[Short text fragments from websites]

---*---

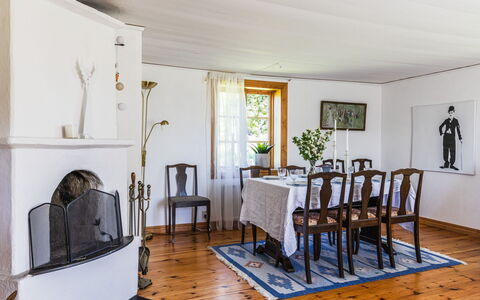 Piggsmåla: Furniture, Flooring, Interior Design, Floor, Wood, Wood Flooring, Ceiling, Lighting, Chair, Dining Room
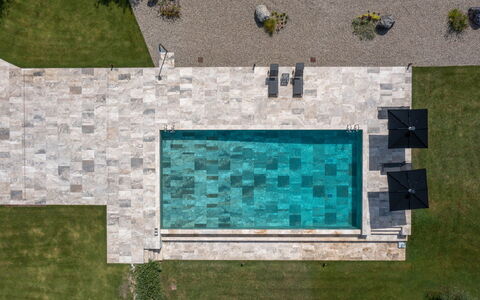 Villa Velari In Volterra With Private Pool, Ac: Eigendom, Natuur, Blad, Rechthoek, Azure, Hout, Fabriek, Architectuur, Land Lot, Flooring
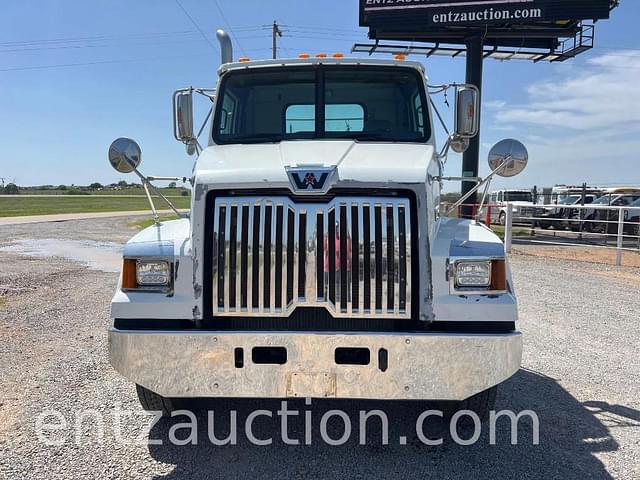 Image of Western Star 4700 equipment image 1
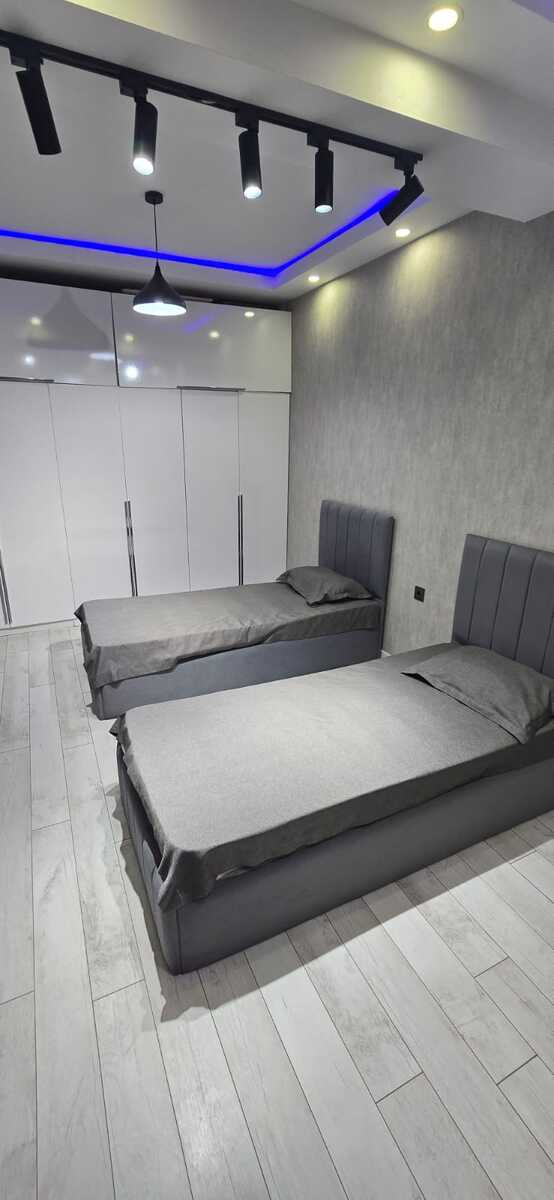 İcarəyə verilir 3 otaqlı yeni tikili 140 m² — Mənzil, Bakı (6)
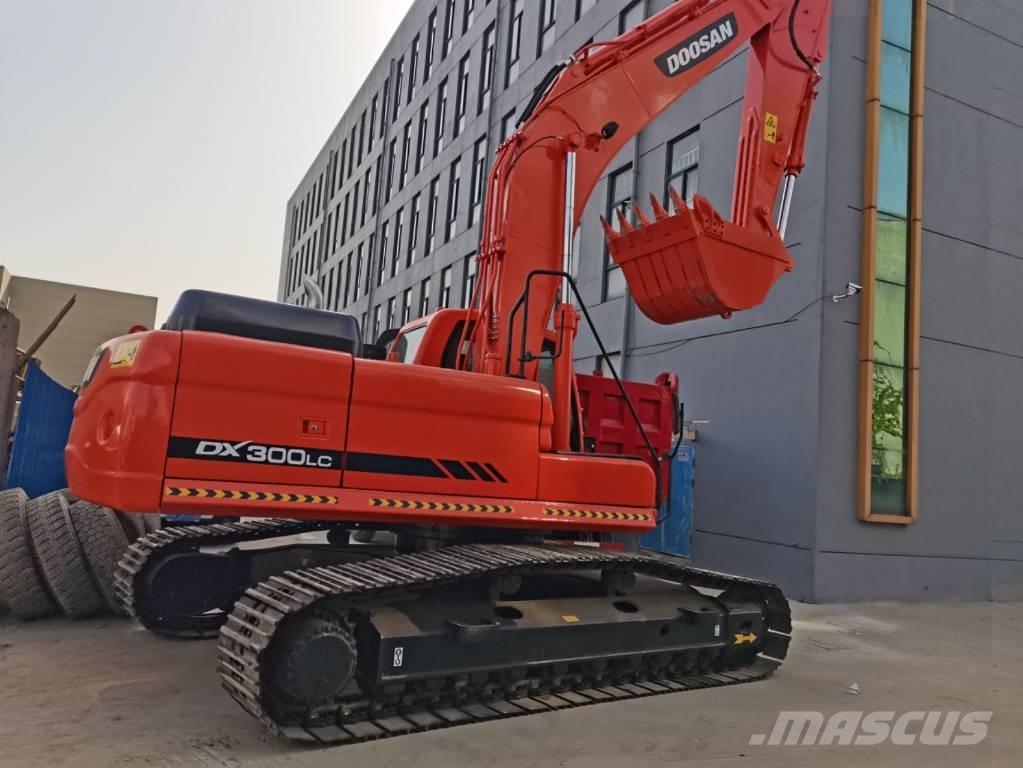 Doosan DX 300 Telakaivukoneet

---*---

Leave out the pictures and retype every line above exactly.

 Piggsmåla: Furniture, Flooring, Interior Design, Floor, Wood, Wood Flooring, Ceiling, Lighting, Chair, Dining Room
 Villa Velari In Volterra With Private Pool, Ac: Eigendom, Natuur, Blad, Rechthoek, Azure, Hout, Fabriek, Architectuur, Land Lot, Flooring
 Image of Western Star 4700 equipment image 1
 İcarəyə verilir 3 otaqlı yeni tikili 140 m² — Mənzil, Bakı (6)
 Doosan DX 300 Telakaivukoneet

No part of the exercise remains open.